By Matthieu Rouif, CEO, Photoroom
The UK’s decision to invest billions in AI infrastructure is the right one. Compute, the processing power behind today’s models, is as fundamental as electricity. But electricity sitting in the grid does nothing on its own – it only creates value when people can plug in and use it. In the same way, compute only drives productivity when businesses and workers can access it directly.
The issue is usability
Despite the infrastructure boom, adoption remains patchy. Large corporates may have dedicated AI teams, but most smaller firms – and the employees on the front line – are being left behind. The challenge is not willingness. Businesses understand the potential of AI, but most people are not “prompt engineers.”
Relying on carefully crafted text instructions is like asking everyone to learn a coding language before they can turn on the lights.
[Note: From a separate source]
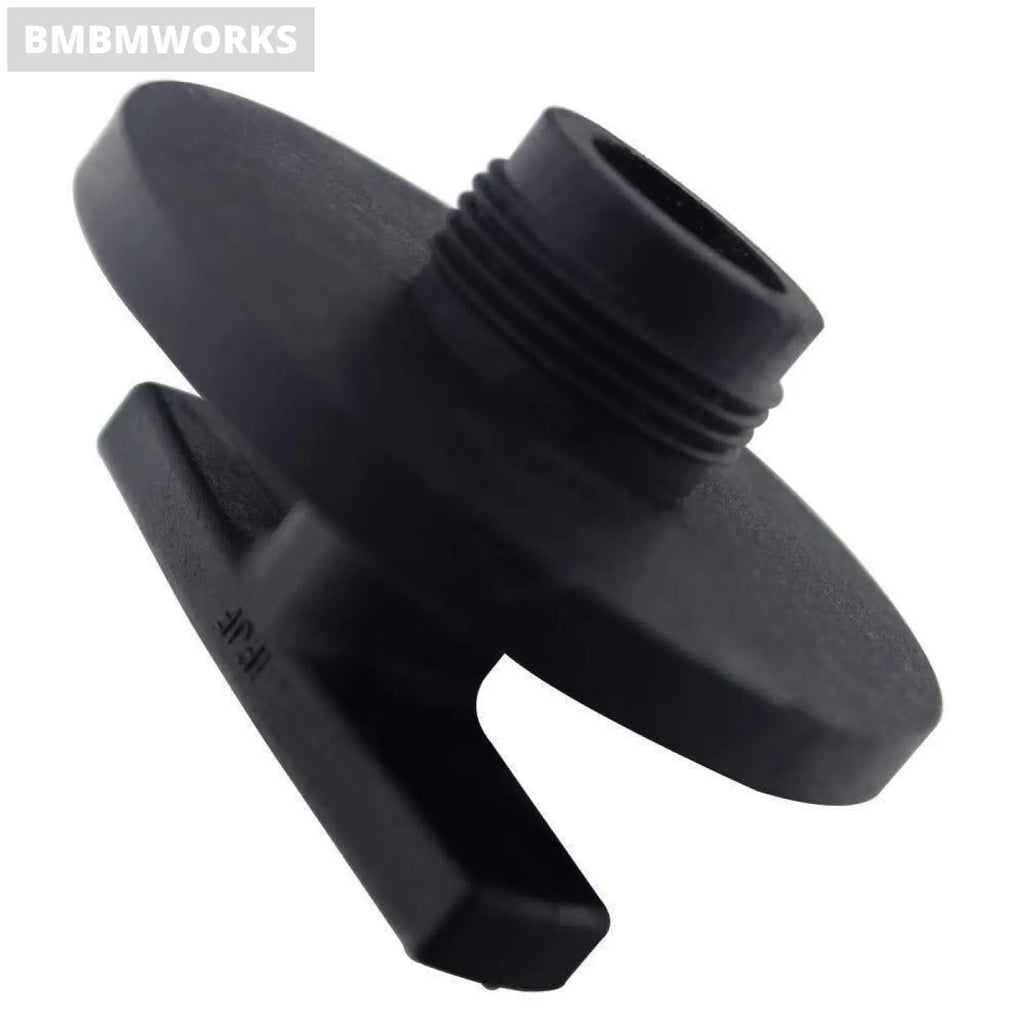 Oil Plug Dodge Ram 2500 3500 Cummins 2013-2018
It creates a skills barrier that slows down adoption and concentrates benefits in the hands of specialists. To unlock widespread productivity, the interface must change.
The cause is text
AI today is designed to respond to written prompts. But a blank text box is not an intuitive starting point. It can be intimidating, inconsistent, and time-consuming. Creativity stalls when people are forced to translate ideas into precise wording.
Images offer the opposite experience. A photo is immediate, universal and anchored in reality. With image-first inputs, ambiguity falls because AI has something concrete to work with – a product, a space, a document. Consistency improves because outputs flow from the same visual baseline.
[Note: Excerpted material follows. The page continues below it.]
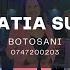Formatia SUCCES Botosani Colaj Manele 2022 Larisa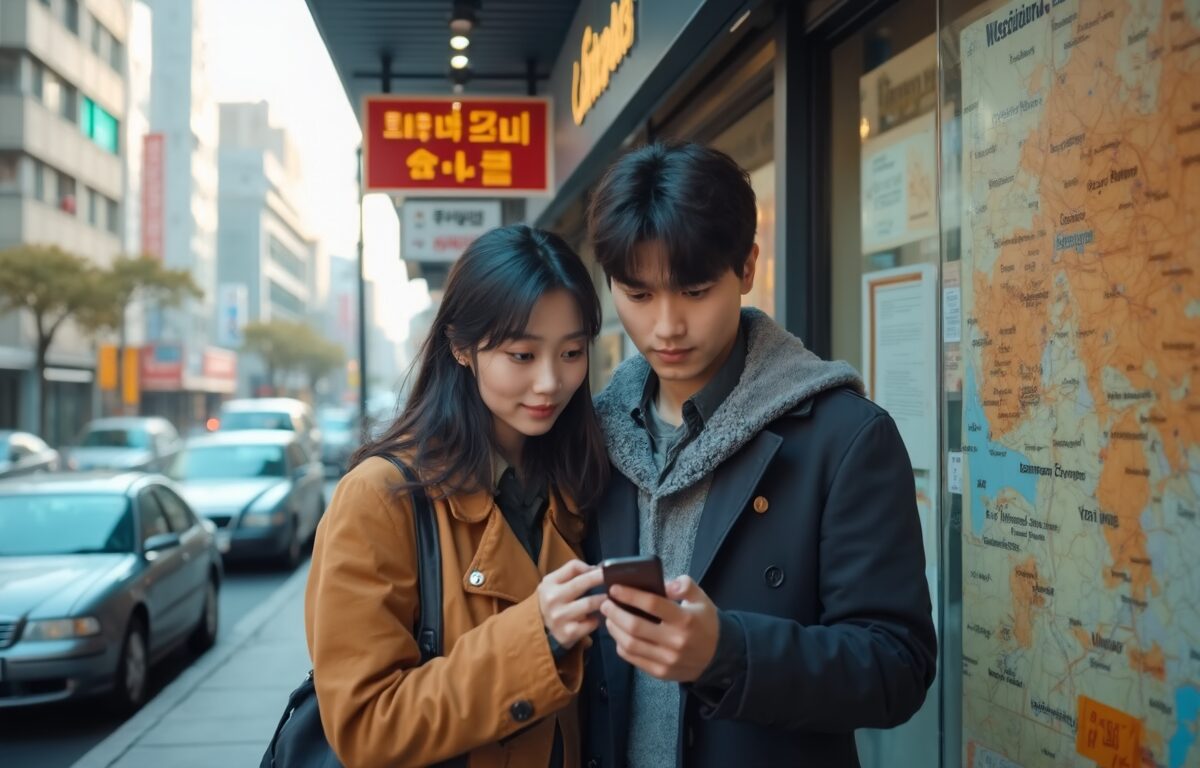 코지네스트 할인매장의 위치와 영업시간 완전 정리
At Photoroom, we see this daily. A single photo of a shoe, a shelf or a receipt can be cleaned, standardised and repurposed across multiple formats in seconds. Teams without design expertise can create assets that meet brand guidelines effortlessly. Workflows move faster and results are more accurate precisely because they begin closer to the truth.
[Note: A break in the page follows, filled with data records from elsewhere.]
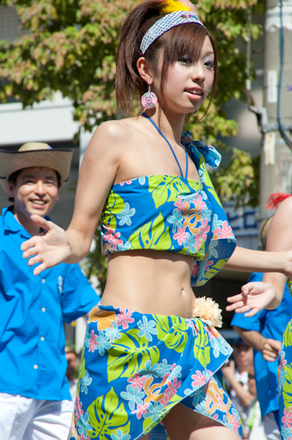 DSC_5081_D700.jpg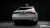 Mercedes-Benz E-Class E250 Exclusive, 2022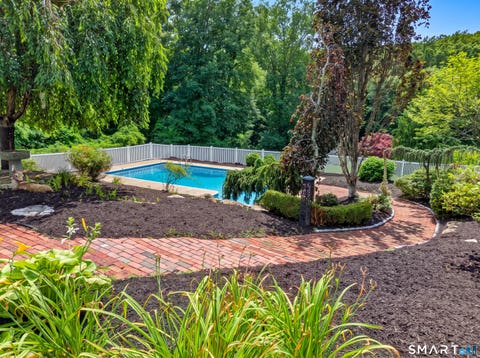 Tiny photo for 16 Cardinal Road, East Lyme, CT 06333 (MLS # 24196342)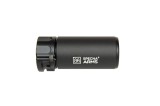 Tracer MTU-Fire V2 Specna Arms Negru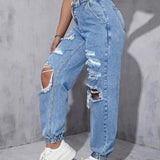 1688971824cddbe17528785a1c555657cd51f8b963_thumbnail_900x.webp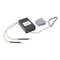 Battery Spot Welder For 18650 Batteries And Nickel Strip Welding 9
The solution is to design for images
Image-based AI does more than simplify workflows – it builds trust. In e-commerce, buyers want to zoom in on details. In regulated industries, provenance and traceability are essential. Starting from a real photo means edits are visible, approvals trackable and compliance easier to demonstrate. Trust matters, and grounding AI in reality rather than imagination makes it possible.
Momentum is already building. A TikTok shop can compete with established brands by turning phone photos into polished, studio-quality campaigns. Marketplaces scale this same approach through integrated tools that process millions of listings. In 2024 alone, Photoroom users edited 2.2 billion images, with installations surpassing 300 million across 180 countries. Partnerships with Amazon, DoorDash and Warner Bros’ Barbie campaign show that this principle extends across industries: start with reality, then let AI enhance rather than hallucinate.
For the UK, the choice is clear
Billions in compute are the engine, but the steering wheel is interface. Government pilots should prioritise image-first tools in areas where cameras are already standard, from inspections to permits and benefit verification. Public funding should back image libraries that can be safely used across key sectors such as healthcare, logistics, and agriculture. And meaningful allocations of compute should go to smaller firms building visual-first tools, so they can deliver practical products rather than stall at prototypes.
The most universal input device in history is already in our hands: the camera. If photos are the global language, then the path forward is clear. Let people show what they mean and use words only to refine. That’s how the UK can turn infrastructure into adoption, and adoption into visible, measurable productivity – across shops, studios, warehouses, and council offices alike.